(Stored data entries)
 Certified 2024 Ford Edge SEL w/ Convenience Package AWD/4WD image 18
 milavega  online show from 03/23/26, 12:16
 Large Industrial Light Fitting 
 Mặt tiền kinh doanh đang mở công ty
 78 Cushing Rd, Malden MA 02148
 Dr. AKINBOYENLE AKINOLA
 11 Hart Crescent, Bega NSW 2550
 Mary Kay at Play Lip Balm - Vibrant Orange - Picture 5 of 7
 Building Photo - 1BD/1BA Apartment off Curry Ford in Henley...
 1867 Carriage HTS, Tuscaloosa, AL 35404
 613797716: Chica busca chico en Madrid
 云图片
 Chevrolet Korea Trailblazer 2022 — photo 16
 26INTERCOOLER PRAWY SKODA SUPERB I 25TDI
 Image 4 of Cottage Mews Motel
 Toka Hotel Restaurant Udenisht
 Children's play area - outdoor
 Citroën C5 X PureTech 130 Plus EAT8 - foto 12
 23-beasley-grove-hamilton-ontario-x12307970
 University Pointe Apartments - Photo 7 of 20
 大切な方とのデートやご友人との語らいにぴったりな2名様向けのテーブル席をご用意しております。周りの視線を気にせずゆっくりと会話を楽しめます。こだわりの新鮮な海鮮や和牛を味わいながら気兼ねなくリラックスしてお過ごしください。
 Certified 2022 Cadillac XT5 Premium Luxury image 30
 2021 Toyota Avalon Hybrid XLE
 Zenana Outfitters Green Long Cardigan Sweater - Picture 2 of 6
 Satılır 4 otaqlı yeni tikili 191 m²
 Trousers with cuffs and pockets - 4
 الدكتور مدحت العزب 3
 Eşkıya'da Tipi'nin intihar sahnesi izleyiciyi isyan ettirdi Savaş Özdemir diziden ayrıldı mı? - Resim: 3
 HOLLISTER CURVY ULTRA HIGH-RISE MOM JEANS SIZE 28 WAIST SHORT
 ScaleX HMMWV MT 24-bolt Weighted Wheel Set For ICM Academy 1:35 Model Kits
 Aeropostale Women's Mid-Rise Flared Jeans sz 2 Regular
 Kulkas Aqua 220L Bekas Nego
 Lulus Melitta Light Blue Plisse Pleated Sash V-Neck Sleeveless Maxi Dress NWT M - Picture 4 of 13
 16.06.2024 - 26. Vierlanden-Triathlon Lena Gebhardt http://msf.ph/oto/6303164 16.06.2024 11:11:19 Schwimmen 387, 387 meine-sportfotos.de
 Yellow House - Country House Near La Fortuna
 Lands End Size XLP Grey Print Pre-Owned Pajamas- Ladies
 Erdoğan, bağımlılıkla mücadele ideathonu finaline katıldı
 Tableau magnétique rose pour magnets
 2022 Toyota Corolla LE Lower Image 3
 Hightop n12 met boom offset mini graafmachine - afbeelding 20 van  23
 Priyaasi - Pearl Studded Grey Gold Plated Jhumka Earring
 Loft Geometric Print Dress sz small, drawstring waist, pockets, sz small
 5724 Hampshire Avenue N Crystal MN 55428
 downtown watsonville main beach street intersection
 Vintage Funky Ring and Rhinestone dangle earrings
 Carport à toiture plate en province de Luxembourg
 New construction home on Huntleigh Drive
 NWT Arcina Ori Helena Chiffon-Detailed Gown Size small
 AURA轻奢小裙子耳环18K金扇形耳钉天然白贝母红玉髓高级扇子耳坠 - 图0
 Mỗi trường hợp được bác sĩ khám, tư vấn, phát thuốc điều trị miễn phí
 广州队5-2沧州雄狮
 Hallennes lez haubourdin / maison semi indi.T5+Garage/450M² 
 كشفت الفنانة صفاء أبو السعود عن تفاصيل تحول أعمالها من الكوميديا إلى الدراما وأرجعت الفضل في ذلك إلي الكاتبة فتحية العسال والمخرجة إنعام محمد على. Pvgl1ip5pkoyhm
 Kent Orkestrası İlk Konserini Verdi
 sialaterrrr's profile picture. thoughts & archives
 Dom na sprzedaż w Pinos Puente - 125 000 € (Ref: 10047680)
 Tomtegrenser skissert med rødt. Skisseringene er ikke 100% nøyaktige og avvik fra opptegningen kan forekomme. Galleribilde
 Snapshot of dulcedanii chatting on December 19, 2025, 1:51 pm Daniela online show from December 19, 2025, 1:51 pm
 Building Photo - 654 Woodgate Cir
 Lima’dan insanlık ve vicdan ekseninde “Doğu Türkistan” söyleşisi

▶ **Brief**
Search the data above for the string "show" and return every line that has it.

▶ **Finished task**
 milavega  online show from 03/23/26, 12:16
 Snapshot of dulcedanii chatting on December 19, 2025, 1:51 pm Daniela online show from December 19, 2025, 1:51 pm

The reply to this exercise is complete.